Market Summary:
- The Bank of Japan finally ditched negative rates after eight years to take their interest rate form -0.1% to 0% and abandoned YCC control, yet ETF purchases are set to continue until further notice
- The fact that the Japanese yen was broadly weaker shows not only was this already priced in, but that markets expected more from the BOJ in terms of tightening
- USD/JPY was the leader among yen pairs, rising nearly 1.2% during its best day in six weeks and second best since early November, closing just beneath the 151 handle
- GBP/JPY above its YTD high to reach its most bullish level in seven months, and whilst EUR/JPY saw an intraday break to new highs it puled back ahead of the NY close
- The weaker yen helped the Nikkei 225 extend its rally for a third day and close marginally above 40k
- The BOJ’s next 10bp hike has been fully priced in for October according to Bloomberg, with no real conviction of a hike much sooner Canada’s inflation data undershot expectations once again, bolstering bets of a BOC easing, with Bloomberg fully pricing in a 25bp cut in July
- USD/CAD initially taped a new YTD high earlier in the session but the stronger US dollar saw the pair reverse to close the day with a shooting star candle
- The RBA held interest rates at 4.35% and removed their slight hawkish bias, which excited traders enough to begin repricing cuts, sending AUD/USD t just shy of my 65c target to a 9-day low
- Gold continues to hold above its previous record high and trades within a tight range, which can be indicative of incoming volatility (with the trigger likely to be the FOMC meeting)
You can get a good feel of relative strength among FX majors by looking at how they performed against the weaker Japanese yen on Tuesday.
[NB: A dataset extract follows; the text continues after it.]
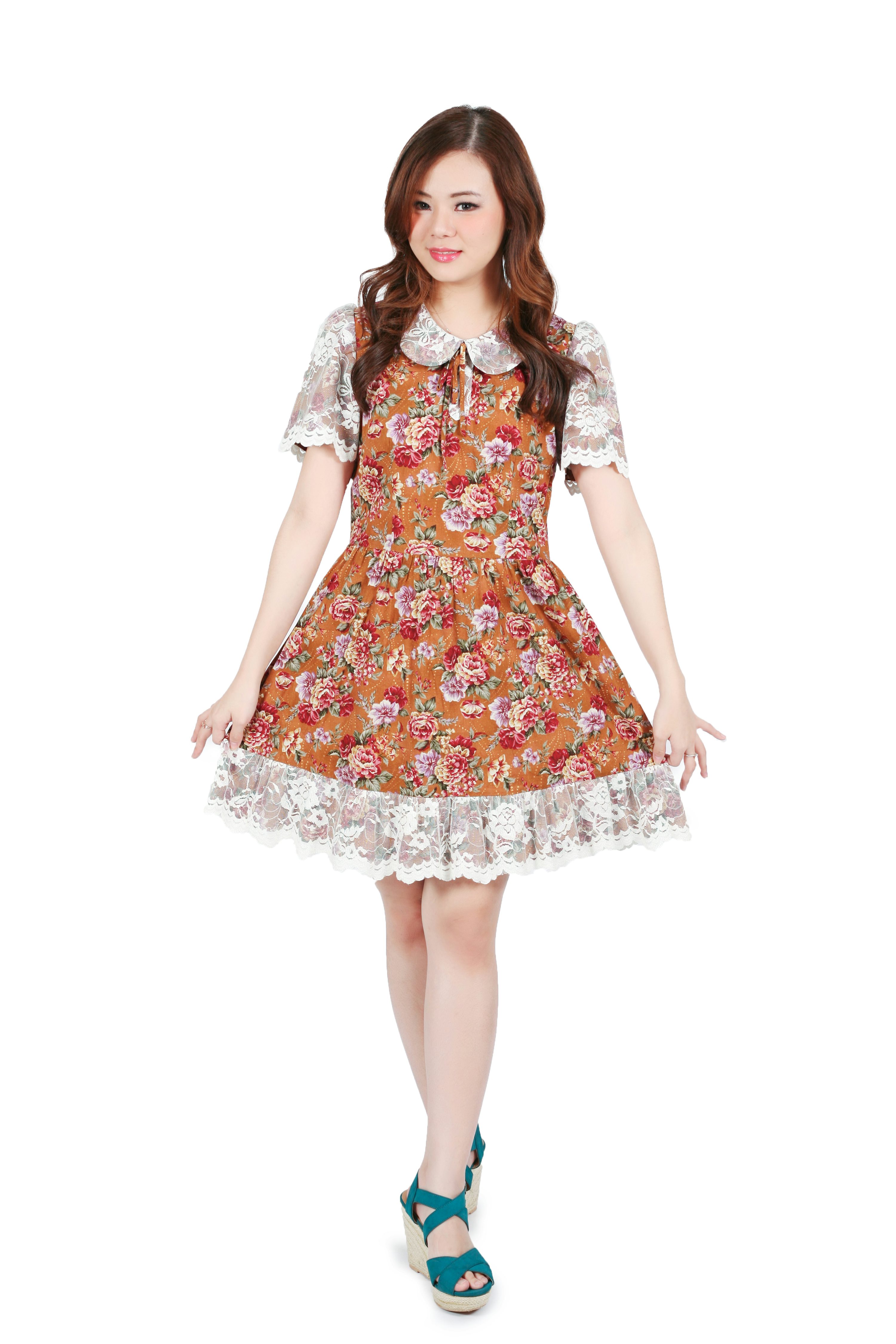 a young asian woman is standing in a brown floral dress with white lace trim.  she's smiling slightly and looking at the camera. she's wearing teal sandals. the background is pure white. the overall style is cute and feminine.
GBP and EUR are clear leaders, having broken above cycle highs although USD/JPY was the strongest performer on the day. Despite it bullish outside day, NZD is clearly a laggard given how much it has fallen from its February highs compared to its FX major peers.
Of course, this brings us to an important question. Will the BOJ or MOF now become vocal about a weaker currency, as they have in the past? Whilst they remain adamant they do not fight a weaker yen, they do not like their currency to fall too quickly. And the rate at which the Japanese yen declined across the board yesterday is surely to raise a few eyebrows among officials, given the levels then yen is now trading at and the speed it got there. And this could lead to verbal intervention from BOJ or MOF officials if the currently level of volatility and direction persists.
Events in focus (AEDT):
- 12:15 – China PBOC 1 and 5-year loan prime rates
- 13:00 – Inflation expectations (Melbourne Institute)
- 18:00 – UK CPI
- 21:00 – China Foreign direct investment
- 05:00 – FOMC interest rate decision, statement, updated staff forecasts
- 05:30 – Jerome Powel press conference
USD/JPY technical analysis:
The rise of USD/JPY picked up speed after finding support around 149, then proceeded to tap the 1-day and 1-week implied volatility levels after the BOJ hiked their interest rate. But the fact it has paused below 149 and around the initial 1-week implied volatility level to me suggests it may need to retrace. And we’re already seeing early sighs of that in today’s Asian session.
RSI (14) has formed a bearish divergence in the overbought zone and momentum is turning lower from the 151 handle. Given the bias for a less-dovish / more-hawkish than expected Fed meeting, the bias is for a break above 151 – even though this risk verbal intervention from the BOJ and MOF the closer it gets to 152. Ultimately the bias is for a small retracement today in Asia, and doubt we’ll see prices break beneath the 150.40/50 Zone.